Ceci n’est pas le titre d’une fable ignorée de notre bon La Fontaine. C’est, en résumé, la découverte que firent les fossoyeurs de Saint-Léonard (pas encore de Noblat, Haute-Vienne) un beau matin de février 1888. L’histoire est connue par les archives d’un hebdomadaire local, Le Marchois, dont je reparlerai plus loin. Dont l’entrefilet ne précise pas ce qui conduisit à la découverte – une exhumation ? Mais dans quel but ? L’article précise seulement : “Les fossoyeurs... en creusant une tombe“.
Le cercueil était celui d’une petite fille enterrée depuis 5 ans. Le journal n’en dévoile ni le nom ni l’âge. Toujours est-il que le cercueil exhumé était absolument intact, “en parfait état de conservation“. Une première curiosité.
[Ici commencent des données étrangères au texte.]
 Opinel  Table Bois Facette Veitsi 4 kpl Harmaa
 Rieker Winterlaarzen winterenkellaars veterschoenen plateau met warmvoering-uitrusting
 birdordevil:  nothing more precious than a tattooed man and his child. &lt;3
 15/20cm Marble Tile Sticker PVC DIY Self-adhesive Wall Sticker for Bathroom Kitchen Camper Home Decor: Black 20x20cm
Une fois ouvert, lit-on dans le canard, (leur) “étonnement se transforma en épouvante“. On dut se rendre à l’évidence : il n’y avait là aucun autre reste humain qu’un peu de la belle chevelure blonde de l’enfant. Par contre, d’où découle l’épouvante, la bière contenait deux énormes serpents. Ils furent pesés : 11 livres chacun ! Qu’imaginer d’autre que ceci : les deux reptiles avaient dévoré le cadavre de l’enfant. La nouvelle faisant rapidement le tour de la ville, le cimetière ne désemplit pas de curieux, il était devenu “the place to be“. Le journaliste avait son avis sur l’engouement provoqué par le spectacle : “les bonnes gens veulent voir du surnaturel en tout“. On s’y croirait presque :
- Mais cette petite, elle était bien de la famille de X ?
- Ah, oui, les sorciers ?
En effet, cette famille avait depuis des générations, une mauvaise réputation. Pas celle de Brassens, mais presque : les X avaient des secrets cabalistiques, régulièrement transmis par le père mourant au fils aîné. C’est pourquoi l’opinion publique eut cette conclusion : “Le hideux repas fait par les reptiles (devait) être considéré comme une punition divine“.
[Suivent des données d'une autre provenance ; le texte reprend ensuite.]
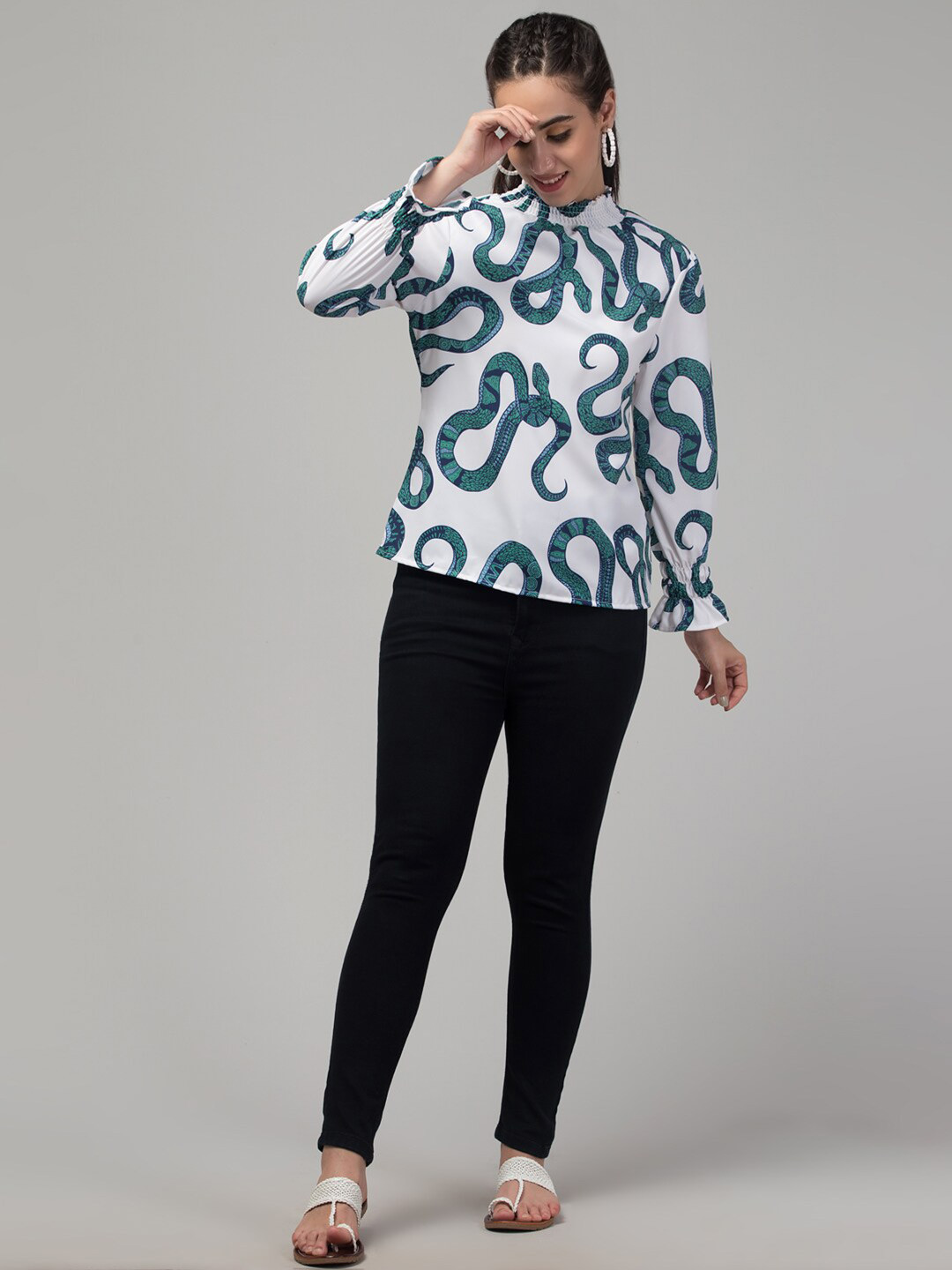 J Style Print Crepe Top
Allant plus loin que le chroniqueur du Marchois, l’historien constatera que l’histoire suivait de près une décision du nouveau conseil municipal, ardemment républicain et anti-clérical : les édiles avaient décrété l’interdiction des Ostensions, cette fête septennale où l’on promenait en ville les reliques du saint local. La pauvre petite défunte aurait donc payé pour tout çà ? Les lumières contre l’obscurantisme, ou l’inverse ? Je dis çà, je ne dis rien… L’histoire ne révèle toutefois pas ce que devinrent les serpents monstrueux.
On peut lire l’article du Marchois sur le site des Archives Départementales de la Creuse (cote BIB 222), en date du 8 février 1888. L’hebdomadaire était en effet publié à Bourganeuf, à 20 km de Saint-Léonard, mais en Creuse !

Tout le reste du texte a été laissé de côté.